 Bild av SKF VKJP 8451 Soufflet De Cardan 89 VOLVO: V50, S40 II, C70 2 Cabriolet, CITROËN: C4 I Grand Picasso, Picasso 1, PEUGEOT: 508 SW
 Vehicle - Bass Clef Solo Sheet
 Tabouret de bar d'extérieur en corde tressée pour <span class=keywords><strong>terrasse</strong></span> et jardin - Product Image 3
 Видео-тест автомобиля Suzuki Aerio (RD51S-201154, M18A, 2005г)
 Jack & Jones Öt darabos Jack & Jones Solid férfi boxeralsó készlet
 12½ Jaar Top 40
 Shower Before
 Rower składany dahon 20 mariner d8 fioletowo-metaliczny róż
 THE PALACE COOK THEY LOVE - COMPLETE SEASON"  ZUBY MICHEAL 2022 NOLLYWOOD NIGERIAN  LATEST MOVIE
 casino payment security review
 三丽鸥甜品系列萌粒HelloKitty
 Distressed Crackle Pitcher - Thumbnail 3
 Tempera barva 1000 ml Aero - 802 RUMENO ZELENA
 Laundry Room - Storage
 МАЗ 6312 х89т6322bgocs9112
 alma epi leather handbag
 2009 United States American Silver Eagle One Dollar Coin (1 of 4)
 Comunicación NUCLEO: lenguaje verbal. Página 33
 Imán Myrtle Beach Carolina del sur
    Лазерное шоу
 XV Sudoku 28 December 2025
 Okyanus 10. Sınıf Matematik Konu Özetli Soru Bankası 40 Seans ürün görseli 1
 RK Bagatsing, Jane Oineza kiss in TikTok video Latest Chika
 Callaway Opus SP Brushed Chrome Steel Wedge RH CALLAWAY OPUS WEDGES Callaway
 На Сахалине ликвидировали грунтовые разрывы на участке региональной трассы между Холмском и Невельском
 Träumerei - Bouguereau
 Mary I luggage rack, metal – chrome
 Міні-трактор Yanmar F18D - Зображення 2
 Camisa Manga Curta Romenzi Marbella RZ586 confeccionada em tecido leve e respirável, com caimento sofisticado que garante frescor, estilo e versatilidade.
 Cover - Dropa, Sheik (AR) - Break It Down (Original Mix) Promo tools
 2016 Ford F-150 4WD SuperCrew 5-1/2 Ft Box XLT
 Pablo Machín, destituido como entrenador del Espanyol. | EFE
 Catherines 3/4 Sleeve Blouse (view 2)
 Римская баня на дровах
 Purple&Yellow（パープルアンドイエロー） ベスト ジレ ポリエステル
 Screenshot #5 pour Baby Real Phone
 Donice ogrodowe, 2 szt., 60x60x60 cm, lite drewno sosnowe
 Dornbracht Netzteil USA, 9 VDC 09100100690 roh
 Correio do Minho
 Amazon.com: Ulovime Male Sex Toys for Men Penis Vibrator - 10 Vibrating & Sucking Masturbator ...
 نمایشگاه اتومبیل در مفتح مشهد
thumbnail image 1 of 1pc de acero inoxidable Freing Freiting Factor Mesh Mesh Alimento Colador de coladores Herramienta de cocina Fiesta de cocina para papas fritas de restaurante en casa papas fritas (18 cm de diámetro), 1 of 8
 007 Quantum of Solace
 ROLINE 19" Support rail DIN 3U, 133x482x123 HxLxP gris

####################

In your answer, repeat each line of the material word for word.

#### The answer:
 Bild av SKF VKJP 8451 Soufflet De Cardan 89 VOLVO: V50, S40 II, C70 2 Cabriolet, CITROËN: C4 I Grand Picasso, Picasso 1, PEUGEOT: 508 SW
 Vehicle - Bass Clef Solo Sheet
 Tabouret de bar d'extérieur en corde tressée pour <span class=keywords><strong>terrasse</strong></span> et jardin - Product Image 3
 Видео-тест автомобиля Suzuki Aerio (RD51S-201154, M18A, 2005г)
 Jack & Jones Öt darabos Jack & Jones Solid férfi boxeralsó készlet
 12½ Jaar Top 40
 Shower Before
 Rower składany dahon 20 mariner d8 fioletowo-metaliczny róż
 THE PALACE COOK THEY LOVE - COMPLETE SEASON"  ZUBY MICHEAL 2022 NOLLYWOOD NIGERIAN  LATEST MOVIE
 casino payment security review
 三丽鸥甜品系列萌粒HelloKitty
 Distressed Crackle Pitcher - Thumbnail 3
 Tempera barva 1000 ml Aero - 802 RUMENO ZELENA
 Laundry Room - Storage
 МАЗ 6312 х89т6322bgocs9112
 alma epi leather handbag
 2009 United States American Silver Eagle One Dollar Coin (1 of 4)
 Comunicación NUCLEO: lenguaje verbal. Página 33
 Imán Myrtle Beach Carolina del sur
    Лазерное шоу
 XV Sudoku 28 December 2025
 Okyanus 10. Sınıf Matematik Konu Özetli Soru Bankası 40 Seans ürün görseli 1
 RK Bagatsing, Jane Oineza kiss in TikTok video Latest Chika
 Callaway Opus SP Brushed Chrome Steel Wedge RH CALLAWAY OPUS WEDGES Callaway
 На Сахалине ликвидировали грунтовые разрывы на участке региональной трассы между Холмском и Невельском
 Träumerei - Bouguereau
 Mary I luggage rack, metal – chrome
 Міні-трактор Yanmar F18D - Зображення 2
 Camisa Manga Curta Romenzi Marbella RZ586 confeccionada em tecido leve e respirável, com caimento sofisticado que garante frescor, estilo e versatilidade.
 Cover - Dropa, Sheik (AR) - Break It Down (Original Mix) Promo tools
 2016 Ford F-150 4WD SuperCrew 5-1/2 Ft Box XLT
 Pablo Machín, destituido como entrenador del Espanyol. | EFE
 Catherines 3/4 Sleeve Blouse (view 2)
 Римская баня на дровах
 Purple&Yellow（パープルアンドイエロー） ベスト ジレ ポリエステル
 Screenshot #5 pour Baby Real Phone
 Donice ogrodowe, 2 szt., 60x60x60 cm, lite drewno sosnowe
 Dornbracht Netzteil USA, 9 VDC 09100100690 roh
 Correio do Minho
 Amazon.com: Ulovime Male Sex Toys for Men Penis Vibrator - 10 Vibrating & Sucking Masturbator ...
 نمایشگاه اتومبیل در مفتح مشهد
thumbnail image 1 of 1pc de acero inoxidable Freing Freiting Factor Mesh Mesh Alimento Colador de coladores Herramienta de cocina Fiesta de cocina para papas fritas de restaurante en casa papas fritas (18 cm de diámetro), 1 of 8
 007 Quantum of Solace
 ROLINE 19" Support rail DIN 3U, 133x482x123 HxLxP gris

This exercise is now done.